Unfortunately, due to the change in ownership of this web site and the lack of response by the owners to my requests to remove my email address from all administrative-level notifications and functionality, I have decided to remove my posts on AKFF. Thank you for the great times, the fantastic learning experiences and the many many fish. If you are desperate for the old content of this particular post, it is available below base64 encoded and bzip2 compressed.

Red.

----

QlpoOTFBWSZTWU0BiOEAABzXgAAQQIUlKBQAP+ffoDAAurCJk1NqGg0ekPUGmgim9TTRMjT1NNAABqep6hTYp6mym0JptQ0cCLbq+LttJbkeoV26578SWMQ+ZrJCmdA49jEpPSJgqs0z4sJ0h9oVcovCsNHgoQApuYRiFCKSpufRxmWbWH1rEfJawdNhzahnPJhBIR40uXvlEfnVqI2m9lKZrXDAOa8mAFcPJUQF6h0g5EiEOTEsUG1QcVRk/hAPc2rin+LuSKcKEgmgMRwg


----------



## dunebuggy (Dec 21, 2008)

I picked number 3 but keep the beer and I'll have a bundy a cola stubbie thanks. lol. Another reason for fishing in comps is that it is something relatively new to me. I fished rounds 2 and 3 of the Hobie/ABT, learned a lot, and enjoyed it very much apart from the early start. I am NOT a morning person. lol. I am definately a night owl. I am looking forward to the KFT this weekend as it's nice and close to home. Even rounds 2 and 3 are not far away. If I am lucky, I may even catch something. Another reason for entering a comp is the very slender thread of hope of actually winning a prize of some sort. haha.
I look forward to seeing some of you at the KFT this Sunday. I will be the one who is asleep standing up!


----------



## Ranger (May 31, 2008)

I voted "Fish hard-happy to share with others"

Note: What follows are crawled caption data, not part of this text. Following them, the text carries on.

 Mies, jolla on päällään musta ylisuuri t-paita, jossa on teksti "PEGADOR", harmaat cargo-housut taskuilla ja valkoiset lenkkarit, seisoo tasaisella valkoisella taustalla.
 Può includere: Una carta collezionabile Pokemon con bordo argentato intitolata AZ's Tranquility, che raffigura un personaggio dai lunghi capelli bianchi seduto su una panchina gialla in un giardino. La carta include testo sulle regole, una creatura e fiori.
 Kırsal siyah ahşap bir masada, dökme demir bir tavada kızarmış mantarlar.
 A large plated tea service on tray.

Instead of fishing leasurely, a competition gives me the chance to pit my own skills against competent fellow anglers, whilst fishing against the clock, in whatever conditions, weather and tides get thrown at us on the day, which is a lot different to, and a lot harder, than a normal day out of actually choosing your day, your conditions, taking it easy and enjoying the serenity!

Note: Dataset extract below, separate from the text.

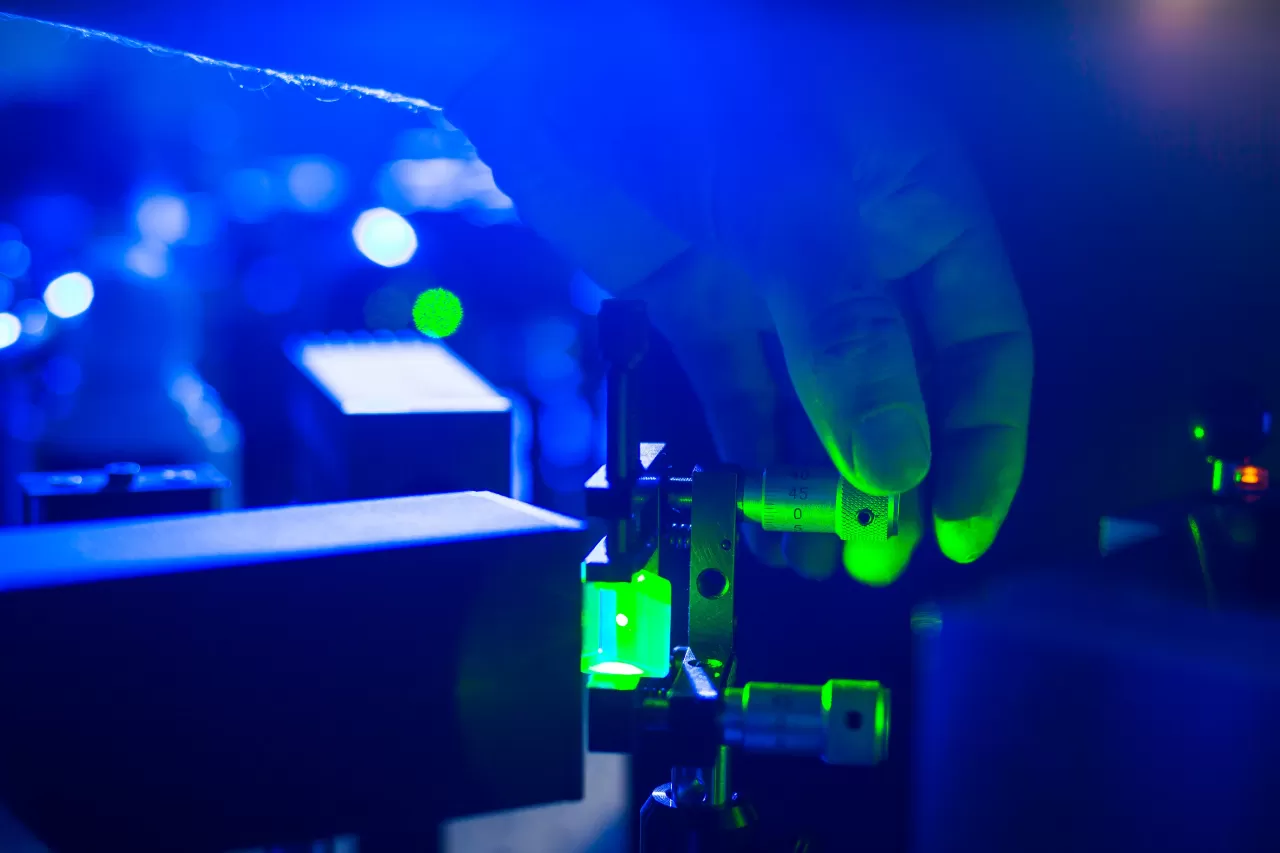 Hand adjusting lab equipment under blue and green lights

It gives me a chance to pick up tips and techniques from experienced anglers, and see what new tackle is currently doing the damage (lures, etc).

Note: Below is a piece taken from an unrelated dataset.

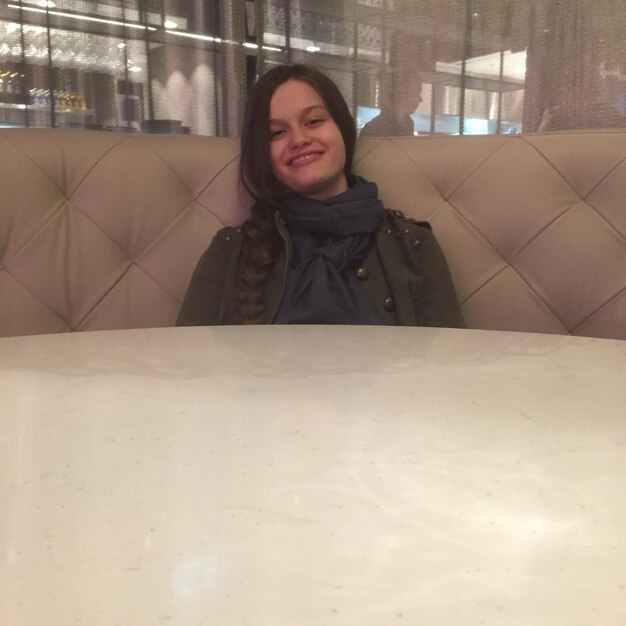 Portrait of smiling girl at restaurant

It gives me the chance to socialise with my peers.

It steepens my own learning curve and makes me a better angler.

It gives me a "chance" of winning cash or prizes whilst enjoying my sport, and sends me home disappointed time and time again!  :lol: :lol: :lol:

I really don't understand why the words "etiquette" and "rules" worry everyone so much, or make everyone think it's not social, and I was really surprised by some of the comments I read in the "etiquette " thread.

It's a sporting competition, and all competitions have to have rules.

At the moment for most of us, fishing is just a "hobby". Once we enter tournaments though, it stops being a hobby and becomes a "sport". Once you enter a sport you are competing, and all sports have rules you have to follow if you want to compete. The competitors are still social though, still help each other out, are still mates, and still enjoy a few beers together afterwards. I've met some great guys competing in tournaments. I've even lent my boat to a couple of anglers unknown to me, who I'd never met before, who were visiting my state from Sydney and Singapore for an ABT event (it's called helping each other out, and ya don't get more sociable and friendly than that).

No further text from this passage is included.